There are technological reasons for this impasse: Battery technology brooks few breakthroughs; the periodic table is only so long, and the combinations of chemicals and elements used in batteries were all thought up by 1910, and most batteries are incredibly inefficient when it comes to storing electricity. That’s why the current generation of electric cars can’t make it from Pasadena to Oxnard on a battery charge. Though I read in the L.A. Times recently that the next generation may make it past Carpinteria. Swell.

So why the empty city car park? A decade ago, environmentally minded state officials ordered the automakers to make “zero emission” electric cars, whether or not they were practical. Now we’re in 1998, and you can lease an electric, but hardly anybody wants one. Even city officials who could get theirs charged for free in city garages.

Meanwhile, according to the November 29 New York Times, our state has quietly extended that 1998 deadline and changed the law requiring 2 percent electric-vehicle use. Instead, it now encourages super-ultra-low-emission vehicles called SULEVs that run on conventional fuels and drive conventional distances. What this whole costly saga illustrates is that once again, bureaucracy has proved itself clueless when it comes to technological change. Maybe next year, City Hall can use the parking-garage chargers to power its Christmas lights.


Stockholm Syndrome and Edith Perez


Los Angeles city commissions can evolve in strange ways. Empaneled by the mayor, they’re supposed to be independent of the agencies they regulate. But their members sometimes identify so strongly with those agencies that, in effect, they go over to the other side. Then-Councilman Zev Yaroslavsky once equated this loyalty transfer to “the Symbionese Liberation Army and Patty Hearst.”

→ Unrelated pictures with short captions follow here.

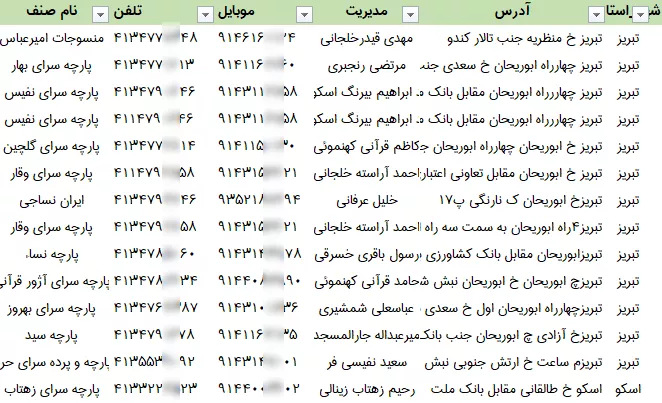 اطلاعات پارچه فروشان آذربایجان شرقی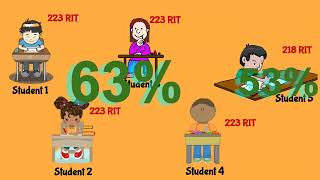 NWEA MAP: Achievement vs Growth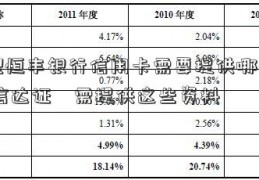 办理恒丰银行信用卡需要提供哪些资料 信达证劵需提供这些资料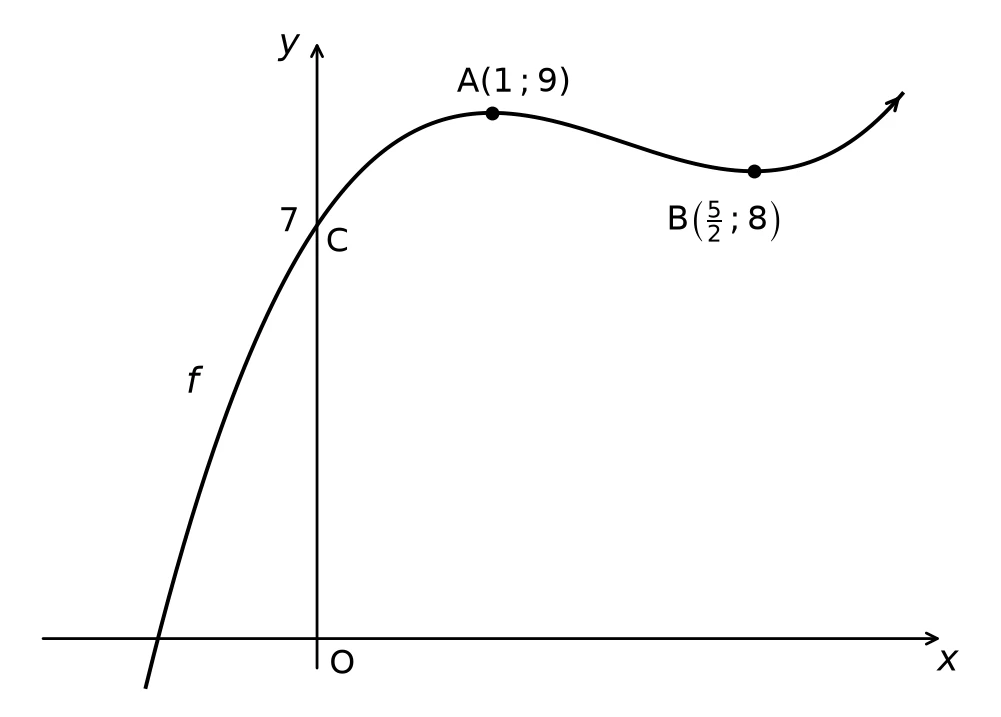 Diagram for this question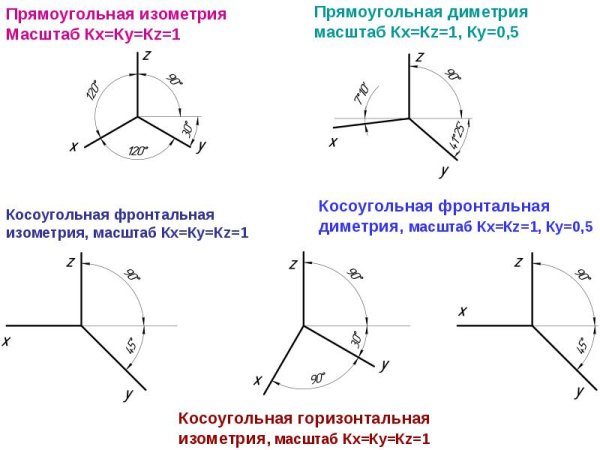Изометрическая аксонометрическая проекция детали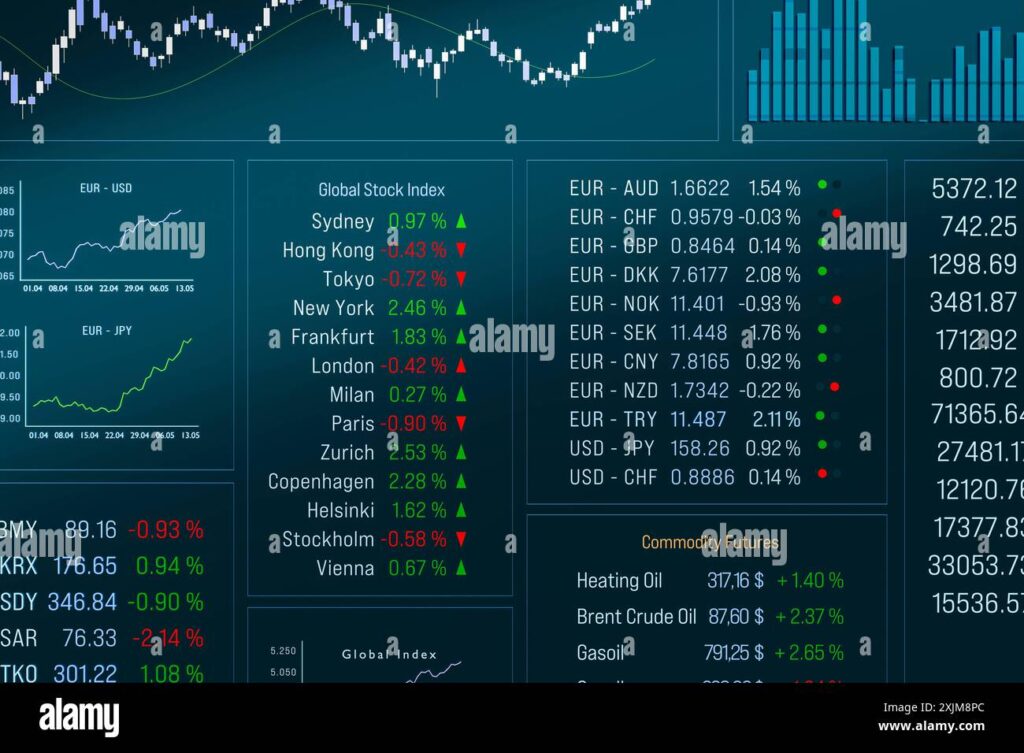 IHSG Dekati 8.300, Blue Chip Diakumulasi Saat Asing Mulai Ambil Untung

In the past, the most seductive city agencies were the huge proprietary departments: Airports, Water and Power, Harbors. Mayor Dick Riordan now seems to have fairly tight control of these panels — for better or for worse.

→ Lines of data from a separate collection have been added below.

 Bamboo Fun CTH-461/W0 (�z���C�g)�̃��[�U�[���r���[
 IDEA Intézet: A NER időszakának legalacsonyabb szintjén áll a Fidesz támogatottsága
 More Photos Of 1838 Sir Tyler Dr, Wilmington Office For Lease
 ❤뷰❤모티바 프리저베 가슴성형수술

But another important commission does have its Tanya-type: That’s Edith Perez, president of the Police Commission. Perez, it increasingly seems, takes cues from Chief Bernard Parks. She and commission executive Joe Gunn (a 39-year LAPD vet whose name ought to be on a cop series) put the bureaucratic skids under LAPD Inspector General Katherine Mader. There is no sign whatsoever that Parks disapproved of this.

But now Parks’ presidential puppet has breached a behavioral boundary. It turns out Perez was also conducting an anonymous mail campaign against the unduly independent Mader. She posted press clips and documents critical of the inspector to various individuals — former Christopher Commission members and police commissioners, for instance — who were peripheral to Mader’s future.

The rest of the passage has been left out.